Bien évidemment. C’est une véritable légende de la Kabylie. Même si je ne comprends pas les paroles, j’aime bien sa musique.

Votre meilleur souvenir ?

Ma récompense comme entraîneur de l’année 2006. Cela m’a donné le sentiment d’avoir servi mon pays.

Le plus mauvais ?

C’est le nombre de fois où j’ai raté de près des titres avec l’ensemble des formations que j’ai prises en main.

Votre principal trait de caractère ?

L’amitié.

Votre défaut majeur ?

Enniya (naïveté, ndlr)

On vous le dit souvent ?

Tout le temps.

Votre devise dans la vie ?

Quand on renonce à être le meilleur, on cesse d’être bon.

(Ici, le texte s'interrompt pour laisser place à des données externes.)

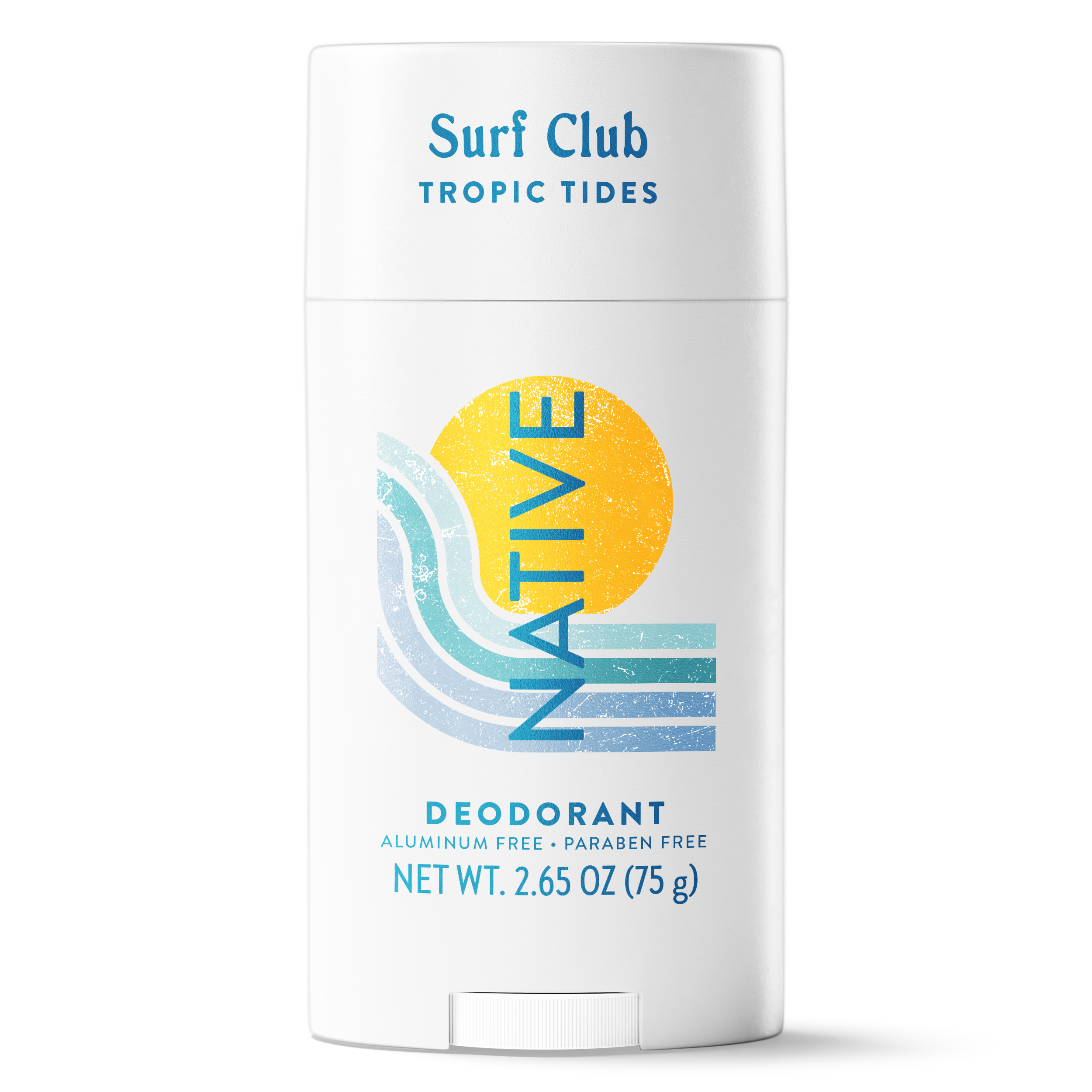 Deodorant Stick - Soft Layer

Combien de frères et sœurs ?

11 frères et sœurs et 3 demi-frères et 1 demi-sœur.

Nombre d’enfant ?

2.

Votre plat préféré ?

Le couscous, comme tout Algérien (sourire)

La dernière dispute ?

C’est tellement loin que je ne m’en souviens même pas.

Le cadeau rêvé ?

La paix dans le monde arabe et que l’Algérie se hisse sur le plan international.

Votre personnage historique ?

Le prophète Mohamed que le Salut Soit Sur Lui. Il a apporté une ligne de vie importante. Je souhaite que les musulmans la suivent.

Votre footballeur préféré ?

Il y en a plusieurs. J’aime bien Benbarek et Makhloufi. J’adore aussi Assad, Madjer et Belloumi qui sont de véritables légendes du football algérien.

Votre modèle d’entraîneur ?

Guy Roux et Ferguson. J’aime bien aussi Mourinho qui fait partie de la nouvelle génération.

Si vous n’étiez pas entraîneur, vous seriez quoi ?

Un médecin qui soigne le cancer et les gens qui souffrent à travers le monde.

Un dernier mot ?

Je tiens à lancer un message à Bourahli et Zeghdoud, que je respecte beaucoup, en leur souhaitant d’abord une grande réussite après leur brillante carrière, non sans leur dire toute ma stupéfaction d’avoir fait des déclarations qui m’ont touché et que je n’arrive toujours pas à comprendre. Je n’ai jamais fait de mal à personne. J’ai fait des erreurs, certes, car l’erreur est humaine, mais je ne blesse jamais les gens volontairement. J’essaye toujours d’aider les autres, sans attendre quelque chose d’eux en retour. Les gens qui me connaissent le savent bien. Pour le reste, je laisse chacun à sa propre conscience.